Friday, 02 September 2016

Farewell Summer

The RA’s perennial show of new talent and established stars may be over for 2016, but there is always next year

Written by Thomas Blaikie
Thomas-Blaikie-colour-176As the Royal Academy Summer Exhibition 2016 closes after a very successful season, it is time to look ahead to next year. The charming tradition of an opensubmission summer show at the Royal Academy has been going since 1769. It is in fact the largest such exhibition in the world, with over 1,200 works accepted. In recent years it has acquired greater prestige after periods of being thought delightful, but sadly just not awfully good.

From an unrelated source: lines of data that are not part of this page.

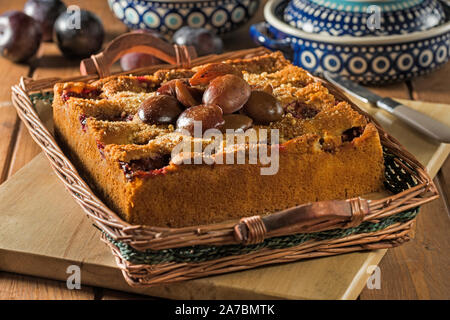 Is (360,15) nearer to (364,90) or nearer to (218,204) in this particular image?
(364,90)

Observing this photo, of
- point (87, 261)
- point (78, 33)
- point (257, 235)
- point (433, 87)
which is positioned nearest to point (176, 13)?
point (78, 33)

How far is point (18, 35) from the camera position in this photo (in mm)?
2449

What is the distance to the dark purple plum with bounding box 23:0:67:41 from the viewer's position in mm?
2684

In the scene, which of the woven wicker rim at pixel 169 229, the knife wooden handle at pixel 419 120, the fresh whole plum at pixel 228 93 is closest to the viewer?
the woven wicker rim at pixel 169 229

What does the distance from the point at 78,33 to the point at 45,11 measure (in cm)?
30

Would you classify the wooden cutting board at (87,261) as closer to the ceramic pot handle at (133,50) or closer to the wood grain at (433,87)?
the ceramic pot handle at (133,50)

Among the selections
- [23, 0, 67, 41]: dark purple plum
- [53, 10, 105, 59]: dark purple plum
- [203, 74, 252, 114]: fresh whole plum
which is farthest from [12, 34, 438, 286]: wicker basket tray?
[23, 0, 67, 41]: dark purple plum

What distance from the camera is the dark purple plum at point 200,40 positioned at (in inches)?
93.6

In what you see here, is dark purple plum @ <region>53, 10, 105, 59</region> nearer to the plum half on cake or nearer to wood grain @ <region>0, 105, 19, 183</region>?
wood grain @ <region>0, 105, 19, 183</region>

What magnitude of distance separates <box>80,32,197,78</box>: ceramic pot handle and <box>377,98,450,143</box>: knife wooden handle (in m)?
0.63

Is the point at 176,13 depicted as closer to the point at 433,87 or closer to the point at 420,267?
the point at 433,87

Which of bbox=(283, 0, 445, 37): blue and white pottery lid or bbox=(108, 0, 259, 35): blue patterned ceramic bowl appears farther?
bbox=(108, 0, 259, 35): blue patterned ceramic bowl

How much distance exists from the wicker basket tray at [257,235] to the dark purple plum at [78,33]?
43.9 inches

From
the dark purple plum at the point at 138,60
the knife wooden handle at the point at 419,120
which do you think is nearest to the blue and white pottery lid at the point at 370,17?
the knife wooden handle at the point at 419,120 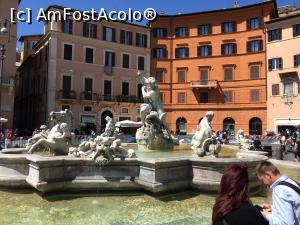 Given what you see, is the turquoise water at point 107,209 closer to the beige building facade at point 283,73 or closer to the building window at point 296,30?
the beige building facade at point 283,73

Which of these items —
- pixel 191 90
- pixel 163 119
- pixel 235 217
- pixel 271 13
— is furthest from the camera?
pixel 191 90

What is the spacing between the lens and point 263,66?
3819cm

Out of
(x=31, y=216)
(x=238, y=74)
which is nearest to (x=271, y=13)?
(x=238, y=74)

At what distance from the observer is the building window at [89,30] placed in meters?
37.6

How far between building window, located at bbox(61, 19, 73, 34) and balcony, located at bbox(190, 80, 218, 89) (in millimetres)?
15015

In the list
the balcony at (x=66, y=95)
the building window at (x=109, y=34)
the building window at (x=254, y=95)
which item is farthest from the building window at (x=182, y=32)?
the balcony at (x=66, y=95)

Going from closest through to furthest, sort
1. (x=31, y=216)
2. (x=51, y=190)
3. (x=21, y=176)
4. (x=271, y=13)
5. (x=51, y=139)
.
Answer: (x=31, y=216), (x=51, y=190), (x=21, y=176), (x=51, y=139), (x=271, y=13)

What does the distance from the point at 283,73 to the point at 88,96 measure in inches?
812

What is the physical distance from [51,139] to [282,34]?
3330cm

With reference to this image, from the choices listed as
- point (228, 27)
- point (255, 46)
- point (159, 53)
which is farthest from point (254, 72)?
point (159, 53)

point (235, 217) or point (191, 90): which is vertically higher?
point (191, 90)

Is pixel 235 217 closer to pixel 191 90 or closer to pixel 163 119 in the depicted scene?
pixel 163 119

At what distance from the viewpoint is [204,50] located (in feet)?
135

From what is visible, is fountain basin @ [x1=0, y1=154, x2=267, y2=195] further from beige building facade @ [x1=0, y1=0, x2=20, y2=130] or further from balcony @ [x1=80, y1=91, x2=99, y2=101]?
balcony @ [x1=80, y1=91, x2=99, y2=101] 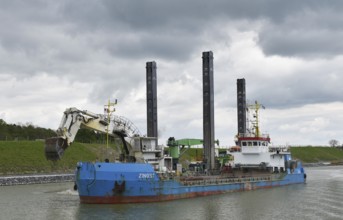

Now the selection committee has devised innovative ways of grouping the enormous quantity of work. This year for instance there was a fascinating room devoted to landscape in an urban context. Each room was curated by an individual academician and works by established, well-known artists were called in specially. One theme for 2016 was artist couples. There was a remarkable geometric painting by Matthew Collings and his wife Emma Biggs (she chooses the colours and makes the design; he does the painting) as well as a very creepy sculpture by the Chapman Brothers featuring an eyeless male mannequin with Andy Warhol hair (only black), presiding over a wrecked piece of machinery, possibly a lathe. In the same room were framed fragments such as teacups and books that had survived the Japanese tsunami of 2011.

With such a vast amount of art on display, the exhibition might be a challenge to all but the most wildly enthusiastic. There are no labels; the only guide is the free catalogue. It’s tempting to refer to this constantly but it tells you little because most of the artists are not well-known. It’s better to be bold and pick out what you like. Don’t worry about what anyone else thinks. Quite a lot of the work is for sale and affordable. But it’s rewarding of course if you manage to identify a famous artist without help. I liked the work on paper by Gillian Ayres (much more delicate and less ruthlessly tribal than her oils). There were also some very attractive, very well-executed traditional flower and landscape paintings and a magnificent print by Tom Hammick.

The Summer Exhibition reflects our lively and thriving art scene. Not all the work will last but without this frenzy of creativity nothing would. The deadline for submissions for next year will be in February (exact date yet to be announced). So off you go! Otherwise earmark the show for your 2017 diary. Stout shoes recommended.